Caption-style text data

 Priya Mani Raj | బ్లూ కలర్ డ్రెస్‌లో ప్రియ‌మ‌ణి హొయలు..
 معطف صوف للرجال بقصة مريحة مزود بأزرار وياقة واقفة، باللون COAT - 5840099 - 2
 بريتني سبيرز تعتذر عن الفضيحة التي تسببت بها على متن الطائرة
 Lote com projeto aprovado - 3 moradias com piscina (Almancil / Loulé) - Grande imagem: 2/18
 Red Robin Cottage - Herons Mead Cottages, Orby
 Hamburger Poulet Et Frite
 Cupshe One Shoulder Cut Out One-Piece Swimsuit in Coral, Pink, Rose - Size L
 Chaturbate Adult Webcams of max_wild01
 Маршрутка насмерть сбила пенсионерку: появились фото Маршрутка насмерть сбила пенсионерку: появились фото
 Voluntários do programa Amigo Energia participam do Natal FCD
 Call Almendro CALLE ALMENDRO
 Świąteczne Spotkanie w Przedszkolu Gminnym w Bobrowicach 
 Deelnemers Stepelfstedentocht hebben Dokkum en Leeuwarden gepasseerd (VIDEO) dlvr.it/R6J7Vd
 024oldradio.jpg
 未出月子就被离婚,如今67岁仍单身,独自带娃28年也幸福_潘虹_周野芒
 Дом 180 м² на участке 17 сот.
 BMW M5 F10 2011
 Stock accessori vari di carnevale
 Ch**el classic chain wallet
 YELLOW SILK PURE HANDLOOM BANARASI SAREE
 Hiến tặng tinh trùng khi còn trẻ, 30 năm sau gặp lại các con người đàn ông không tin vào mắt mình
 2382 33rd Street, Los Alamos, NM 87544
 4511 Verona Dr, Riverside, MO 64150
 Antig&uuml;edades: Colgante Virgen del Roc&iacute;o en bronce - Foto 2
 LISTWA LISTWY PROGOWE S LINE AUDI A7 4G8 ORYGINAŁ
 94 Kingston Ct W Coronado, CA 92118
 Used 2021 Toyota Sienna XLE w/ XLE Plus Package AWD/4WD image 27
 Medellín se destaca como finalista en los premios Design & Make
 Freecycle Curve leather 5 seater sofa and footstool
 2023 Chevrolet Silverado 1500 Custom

Brief: Give every entry back exactly as it was written above.

Response box:
 Priya Mani Raj | బ్లూ కలర్ డ్రెస్‌లో ప్రియ‌మ‌ణి హొయలు..
 معطف صوف للرجال بقصة مريحة مزود بأزرار وياقة واقفة، باللون COAT - 5840099 - 2
 بريتني سبيرز تعتذر عن الفضيحة التي تسببت بها على متن الطائرة
 Lote com projeto aprovado - 3 moradias com piscina (Almancil / Loulé) - Grande imagem: 2/18
 Red Robin Cottage - Herons Mead Cottages, Orby
 Hamburger Poulet Et Frite
 Cupshe One Shoulder Cut Out One-Piece Swimsuit in Coral, Pink, Rose - Size L
 Chaturbate Adult Webcams of max_wild01
 Маршрутка насмерть сбила пенсионерку: появились фото Маршрутка насмерть сбила пенсионерку: появились фото
 Voluntários do programa Amigo Energia participam do Natal FCD
 Call Almendro CALLE ALMENDRO
 Świąteczne Spotkanie w Przedszkolu Gminnym w Bobrowicach 
 Deelnemers Stepelfstedentocht hebben Dokkum en Leeuwarden gepasseerd (VIDEO) dlvr.it/R6J7Vd
 024oldradio.jpg
 未出月子就被离婚,如今67岁仍单身,独自带娃28年也幸福_潘虹_周野芒
 Дом 180 м² на участке 17 сот.
 BMW M5 F10 2011
 Stock accessori vari di carnevale
 Ch**el classic chain wallet
 YELLOW SILK PURE HANDLOOM BANARASI SAREE
 Hiến tặng tinh trùng khi còn trẻ, 30 năm sau gặp lại các con người đàn ông không tin vào mắt mình
 2382 33rd Street, Los Alamos, NM 87544
 4511 Verona Dr, Riverside, MO 64150
 Antig&uuml;edades: Colgante Virgen del Roc&iacute;o en bronce - Foto 2
 LISTWA LISTWY PROGOWE S LINE AUDI A7 4G8 ORYGINAŁ
 94 Kingston Ct W Coronado, CA 92118
 Used 2021 Toyota Sienna XLE w/ XLE Plus Package AWD/4WD image 27
 Medellín se destaca como finalista en los premios Design & Make
 Freecycle Curve leather 5 seater sofa and footstool
 2023 Chevrolet Silverado 1500 Custom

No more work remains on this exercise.